» Dataset excerpt:
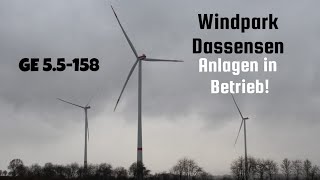 Windpark Dassensen  Neun GE 55158 in Betrieb [upl. by Adnouqal]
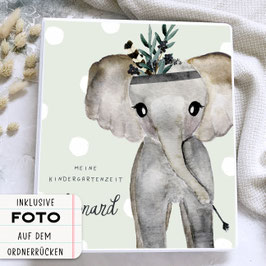 Kindergarten Portfolio, Kindergartenordner Kindergartenmappe personalisiert mit Namen und Foto, Ordner für Kindergarten Elefant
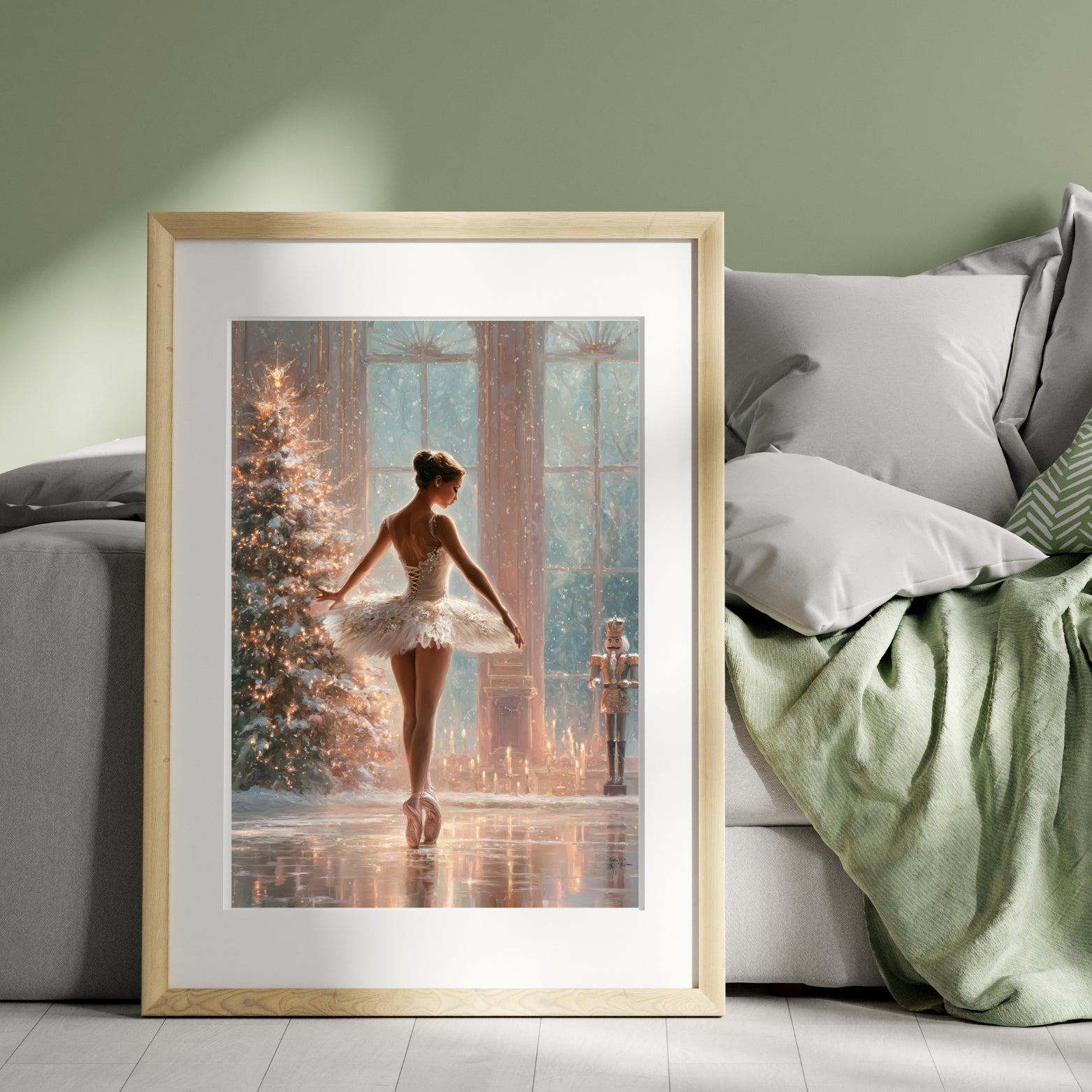 Nutcracker Ballet Christmas Print | Ballerina Christmas Art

» Aim of the exercise: Copy exactly the lines that run from the line containing "Kindergarten Portfolio, Kindergartenordner" to the end of the data, keeping both end lines and dropping every picture.

» Result of this task:
 Kindergarten Portfolio, Kindergartenordner Kindergartenmappe personalisiert mit Namen und Foto, Ordner für Kindergarten Elefant
 Nutcracker Ballet Christmas Print | Ballerina Christmas Art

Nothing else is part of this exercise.